Другой Аркадий Райкин. Темная сторона биографии знаменитого сатирика
Шрифт:
Буквально следом за этой статьей идеологическим структурам была спущена сверху директива о смягчении цензурного надзора за острыми темами. В итоге на свет одна за другой появляются достаточно острые по тем временам сатирические пьесы, вроде «Не называя фамилий» В. Минко, «Раков» С. Михалкова, «Извините, пожалуйста» А. Макаенка и др.
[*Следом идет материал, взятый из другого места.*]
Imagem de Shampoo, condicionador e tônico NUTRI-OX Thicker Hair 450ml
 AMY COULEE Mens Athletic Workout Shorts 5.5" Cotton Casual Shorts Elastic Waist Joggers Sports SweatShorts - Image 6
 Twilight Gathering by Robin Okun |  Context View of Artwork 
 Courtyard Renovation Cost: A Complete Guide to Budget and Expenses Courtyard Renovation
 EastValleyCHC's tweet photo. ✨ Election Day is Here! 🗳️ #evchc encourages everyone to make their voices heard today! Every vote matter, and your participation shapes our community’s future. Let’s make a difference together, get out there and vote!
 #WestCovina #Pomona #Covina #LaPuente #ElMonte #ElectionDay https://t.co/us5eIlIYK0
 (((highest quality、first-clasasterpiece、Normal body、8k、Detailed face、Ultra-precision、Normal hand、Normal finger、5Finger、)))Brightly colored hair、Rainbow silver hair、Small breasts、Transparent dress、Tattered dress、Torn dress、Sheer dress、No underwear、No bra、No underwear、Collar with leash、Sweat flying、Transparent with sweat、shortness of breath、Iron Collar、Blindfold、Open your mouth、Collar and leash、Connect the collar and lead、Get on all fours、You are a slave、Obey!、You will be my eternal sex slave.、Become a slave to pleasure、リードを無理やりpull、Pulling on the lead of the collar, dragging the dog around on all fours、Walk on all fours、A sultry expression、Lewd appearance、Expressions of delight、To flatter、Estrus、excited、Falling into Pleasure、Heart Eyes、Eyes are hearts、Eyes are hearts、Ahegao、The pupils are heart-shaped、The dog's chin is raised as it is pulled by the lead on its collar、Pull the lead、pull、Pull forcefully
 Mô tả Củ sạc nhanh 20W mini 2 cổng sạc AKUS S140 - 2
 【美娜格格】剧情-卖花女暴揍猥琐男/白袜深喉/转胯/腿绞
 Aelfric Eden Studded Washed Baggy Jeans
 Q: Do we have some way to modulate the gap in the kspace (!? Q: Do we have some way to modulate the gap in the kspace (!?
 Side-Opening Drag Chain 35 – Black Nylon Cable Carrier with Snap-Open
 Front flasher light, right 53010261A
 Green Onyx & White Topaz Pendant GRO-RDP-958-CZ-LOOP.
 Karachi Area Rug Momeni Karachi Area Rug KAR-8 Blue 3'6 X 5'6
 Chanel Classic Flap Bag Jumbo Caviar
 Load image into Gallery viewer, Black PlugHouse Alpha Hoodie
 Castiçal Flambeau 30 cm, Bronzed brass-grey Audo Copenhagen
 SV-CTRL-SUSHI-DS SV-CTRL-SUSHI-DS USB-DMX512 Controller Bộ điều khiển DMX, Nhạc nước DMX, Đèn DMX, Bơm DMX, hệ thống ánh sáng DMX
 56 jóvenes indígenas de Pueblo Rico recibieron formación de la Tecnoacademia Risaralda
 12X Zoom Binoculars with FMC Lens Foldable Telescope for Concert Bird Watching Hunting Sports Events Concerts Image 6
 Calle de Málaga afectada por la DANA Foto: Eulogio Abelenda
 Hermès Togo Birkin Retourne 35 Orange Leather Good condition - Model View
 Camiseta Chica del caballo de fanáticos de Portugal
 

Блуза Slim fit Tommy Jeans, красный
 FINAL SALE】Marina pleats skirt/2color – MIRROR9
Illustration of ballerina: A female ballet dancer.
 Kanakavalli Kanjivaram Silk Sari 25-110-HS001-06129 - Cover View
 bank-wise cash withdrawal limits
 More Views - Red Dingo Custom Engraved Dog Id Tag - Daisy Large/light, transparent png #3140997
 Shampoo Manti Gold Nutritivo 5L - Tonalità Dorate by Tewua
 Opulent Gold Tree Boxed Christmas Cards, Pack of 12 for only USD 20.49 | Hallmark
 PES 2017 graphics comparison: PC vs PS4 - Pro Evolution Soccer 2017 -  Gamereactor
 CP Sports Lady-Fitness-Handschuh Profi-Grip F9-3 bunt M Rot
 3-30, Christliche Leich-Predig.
На театральную сцену возвращается пьеса «Баня» В. Маяковского, которую в СССР не ставили более двадцати лет – с начала 30-х (на этот раз ее поставил московский Театр сатиры). Более того – возвращается русский сатирик М. Салтыков-Щедрин и его «Тени», которые были поставлены сразу в двух ведущих театрах: имени Пушкина в Москве (режиссер Алексей Дикий) и Новом театре в Ленинграде (Николай Акимов;
К салтыково-щедринской сатире обратился тогда же и Аркадий Райкин, выпустив вскоре после XIX съезда партии (в начале 1953 года) спектакль «Смеяться, право, не грешно» В. Полякова. То есть после череды спектаклей-обозрений на международные темы артист вернулся к прежнему жанру – локальным интермедиям на внутренние темы, благо их теперь разрешили критиковать значительно глубже, чем раньше. Как пишет Е. Уварова:
«Полемически звучало название спектакля. Смех был представлен во всем многообразии – от легкой шутки и безобидного юмора до щедринской сатиры.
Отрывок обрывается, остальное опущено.